If the incident is urgent or presents itself as a recurring problem, it might be shared to educate healthcare providers but disclosure to complainants themselves remains limited. Only outcomes deemed to be of direct interest to patients, including compensation amounts and medical service privileges, were provided. However, other results, including penalties imposed on physicians and departments or improvements made to hospital services, were largely withheld from patients if they did not ask.
In individual cases, what are the outcomes of their complaints? How might a physician be punished/penalised/disciplined? Such information is requested by patients only occasionally. (Male, Health care providers-2, 16-09-2011)
I want to know how to better educate the concerned health care providers. But I have not been told. (Female, Users-3, 20-09-2011)
Barriers to resolving the complaints
The current state of complaint management is disorderly. There are too many channels. For example, many departments are involved, including but not limited to Complaint Letters and Visits, online complaints, etc. The Health Bureau has two departments [for complaint management], and each district has a mediation office, a district government website or a mayor-mail [to receive complaints], and a Complaint Letters and Visits office…Far too many heads of departments within the health sector; it is chaos. (Male, Health care providers-2, 16-09-2011)
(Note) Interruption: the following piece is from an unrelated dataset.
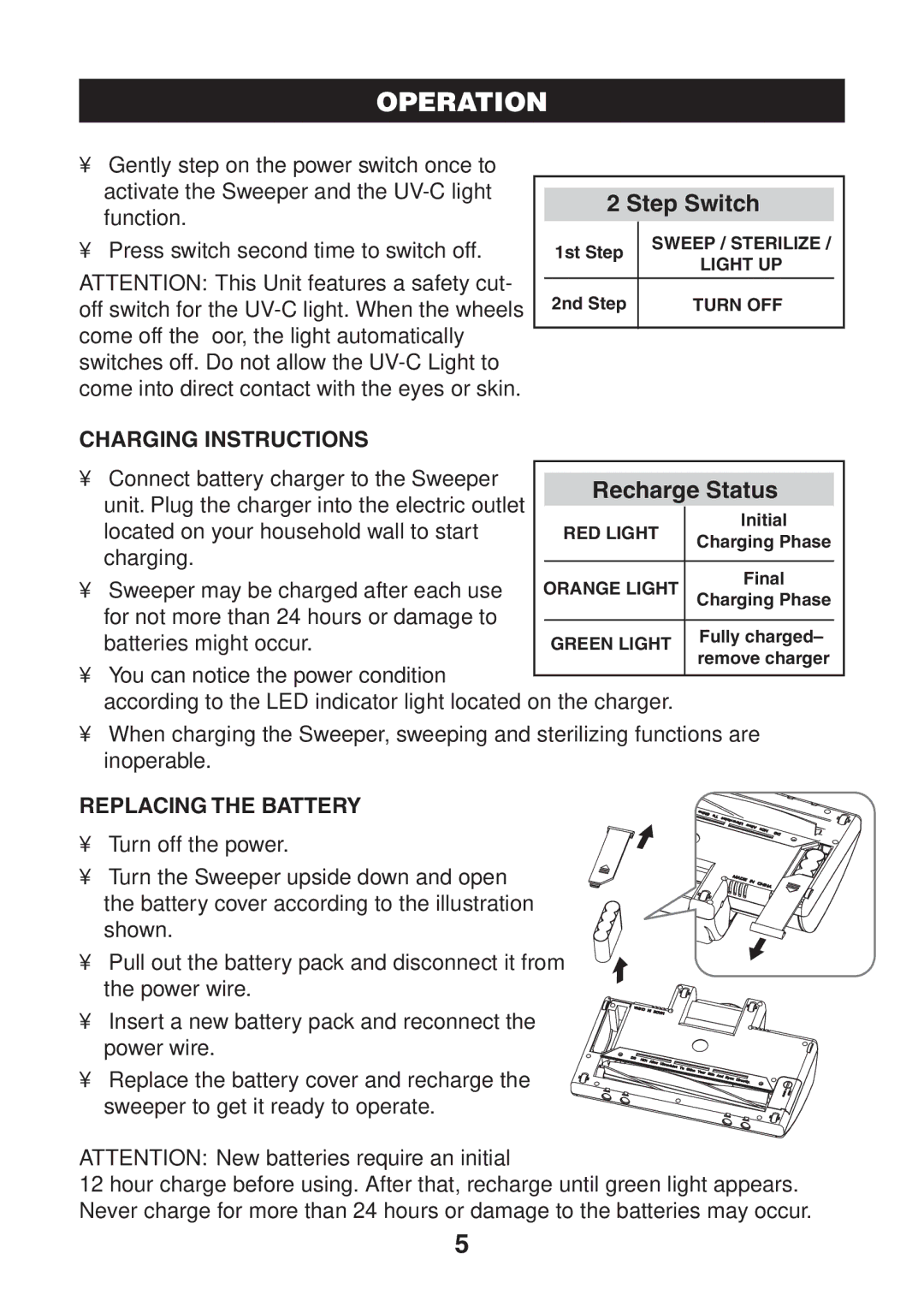 Verilux VH02 manual Operation, Step Switch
Hospitals are required to report complaints to a lot of sectors, all of which wish to understand the issue from different angles. Conflicts between regulations do not necessarily exist, but different elements are emphasised. Hospitals are tired of these kinds of bureaucracy…Each sector carries out their designated duties where resources are not shared. The information possessed by each sector is fragmented. You know yours, I know mine. (Male, Administrators-2, 18-08-2011)
Medical malpractice is defined clearly in the Regulation on Handling Medical Malpractice. There are several benchmarks determining the amount of compensation issued. After the Tort Liability Law of the People’s Republic of China was promulgated, [medical damage] was compensated for more in accordance with the Tort Liability Law because it stipulates compensation for personal injury. (Female, Hospital managers-2, 25-08-2011)
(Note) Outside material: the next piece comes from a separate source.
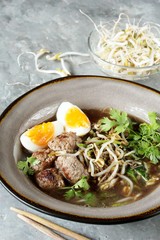 Asian Bean Sprouts Soup with Meatballs. Miso Ramen meatballs keto . Vietnamese Bun Cha. keto recipe, low carb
Unjustifiable complaints by patients: In some cases, the patient experiences inconvenience when receiving medical services not because of poor conduct in attitude or behaviour on the part of healthcare providers, but possibly because of long wait times, too little time spent with the doctor and/or imperfect resource allocation. These are health system issues rather than problems caused by hospitals or individual physicians. And so, to a certain extent, physicians and hospitals have become scapegoats of the entire health system.
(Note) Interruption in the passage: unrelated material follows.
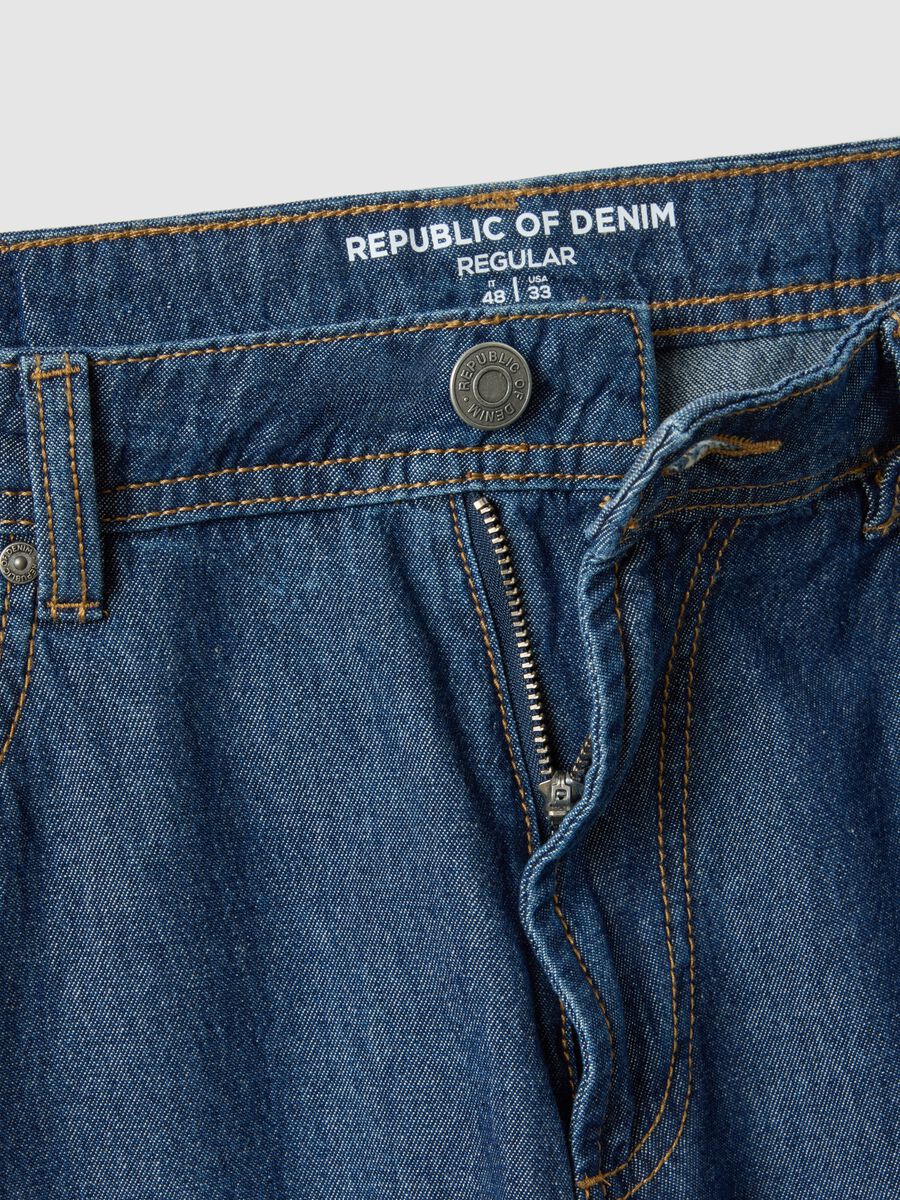 Blue Regular Fit Denim Pure Cotton Jeans_5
At times it is not us physicians who make patients angry. Certain factors are rooted in the fabric of health care systems, but we physicians [end up] taking the blame. (Male, Health care providers-3, 16-09-2011)
For example, should a doctor need to see sixty patients in half a day, or indeed one hundred, you cannot demand that he puts on a smile for each one. A lot of patients complain about doctors with a straight face, but I think it is understandable. I have a very good relationship with our young doctors. They operate on a tight schedule. This week someone worked at the outpatient facility. He was friendly with patients in the first month but struggled to sustain that sort of demeanour. He is not in the mood to smile at patients or engage in long conversations when he only has time to attend to their illnesses. (Male, Hospital managers-1, 15-12-2010)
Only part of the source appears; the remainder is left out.